Blue lights, sirens, mum on a gurney hooked up to the portable stats machine, an ‘everyone move out of our way’ motorway journey at high speed and a fast track ticket to Rochdale Royal Resuscitation Department follows.

 

When she is booked in her stats are poor. She is so dehydrated that not one doctor can get a line in so she has to have an minor surgical operation to put the IV line in to the vein in her neck. I remember looking at the drips, the lines, the machines which are not making a healthy bip bip noise, being told that we could lose her and to call the family. I said ‘ok’, looked at mum blankly then left the room to cry in the corridor.

 

I had planned to spend my first month whirling around on the ‘go see’ merry-go-round in Manchester, reconnecting with the friends I knew well, making new contacts and looking for new dj, bar, club and work opportunities. Now today’s ‘starting from scratch’ plan is put on hold until a vague tomorrow.

 

Elicia arrived and we set about gathering the family together, making life-saving decisions about a three hour intervention that Mum might not have survived and wondering what the hell has happened. Before mum goes into surgery she has to have five units of blood transfused. None of us sleep until we get the news at 5,30 that the intervention had been successful.

 

The next four weeks are spent making twice a day trips to Rochdale Royal and praying for a miracle. The first two weeks of which are spent in the ICU, reading the bible and holding the hand of a mother who does not respond or speak and whom the doctors were afraid might be brain damaged after the surgery.

 

Twenty years of dj’ing and three cities have brought me to this place. I do not know what I am doing and I am not trained for this but that was the first time that I saved my mother’s life. That’s my ‘something you have never done before and something that scares you’ rolled into one and all done for today. I came back to the UK to look after my mum and here was that golden opportunity.

 

Feel the fear and do it anyway, right?

 

TUESDAY JANUARY 26TH

WORD OF THE DAY

NIMIETY

  1. excess; overabundance: nimiety of mere niceties in conversation.
  2. An instance of this

 

something I remember.

Titanosaurus – David Attenborough and The Big Dinosaur. Amazing find in Patagonia. There is still so much that we don’t know and so much that we haven’t discovered about the world. There is still so much that we have still to discover about ourselves.

 

Things I remember:

 

THURSDAY JANUARY 28TH

Seeing FIVE PLANETS IN THE SKY ON THE WAY TO THE AIRPORT

LA DOME MARSEILLE VIRGIN

LA PALAIS MAYOR MARSEILLE

HORRENDOUS TRAVEL

AIRSTRIKES LEFT RIGHT AND CENTRE

TAXI STRIKES IN FRANCE

NO FOOD

 

FRIDAY 29th JANUARY

EARLY FLIGHT BACK

GO TO HOSPITAL FROM AIRPORT

DUNBAR’s NUMBER – you don’t have time in every day life to sustain relationships and friendships on a grand level. https://ed.ted.com/on/SuXNvTzp#review

AFFLECK’S PLAQUE: ‘On the seventh day, God created MADchester’.

 

SATURDAY 30TH JANUARY

WORD OF THE DAY

CRYOPHILIC

Noun

  1. Preferring or thriving at low temperatures.
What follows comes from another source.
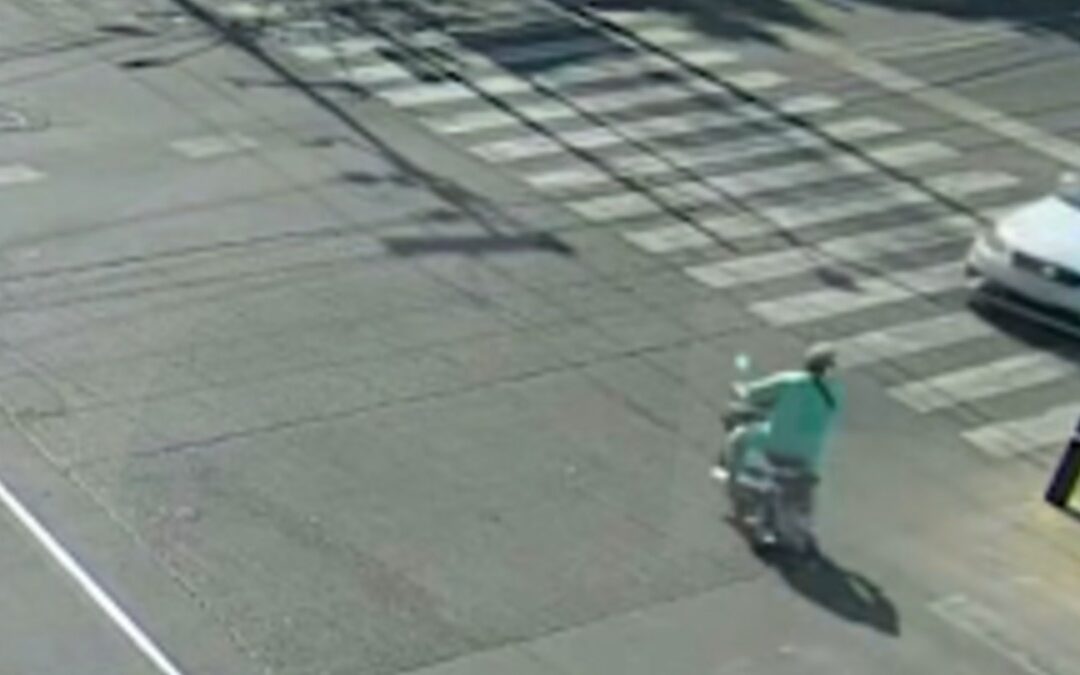 Accidente de Tránsito en la GAM: Hombre en Bici Eléctrica Proyectado tras Impacto con Auto | VIDEO Revelador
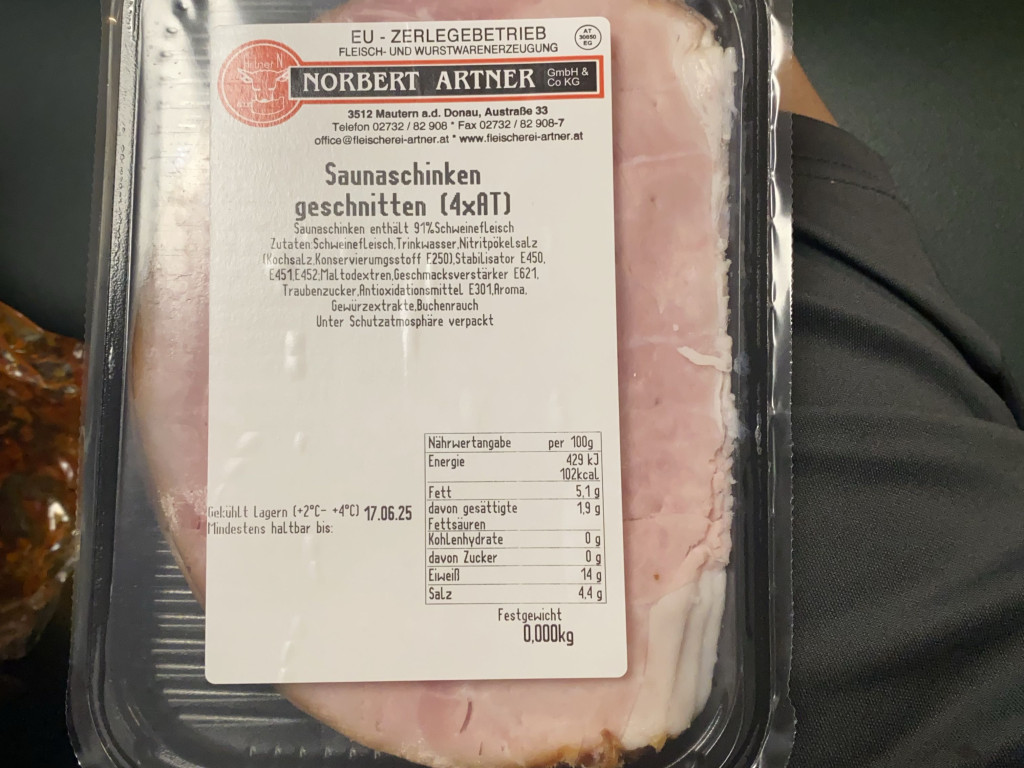 Hochgeladen von: DomD Hochgeladen von: DomD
The Total Fitness SWIMMING POOL is my joy.

In all the madness, I have completely missed the deadline for my tax return.

Great Expectations keeps cropping up. Dickens is sending me messages from beyond the grave.

 

http://gu.com/p/xggzt/sbl

 

“In 1860, when he began this novel, Dickens was becoming depressed by the society around him. He was nearing 50 but he seems never to have lost his capacity, as he put it, for “accumulating young feelings in short pauses”. However sobering his portrait of his middle-aged narrator, however darkened by loss and loneliness, the book is a rejuvenating read.”

Besides the reality of my family placing as the last of eight bundles of fun, and despite everything that has happened, being home makes me feel younger. I figure, if I can find a way to bottle and trademark it, I will be rich.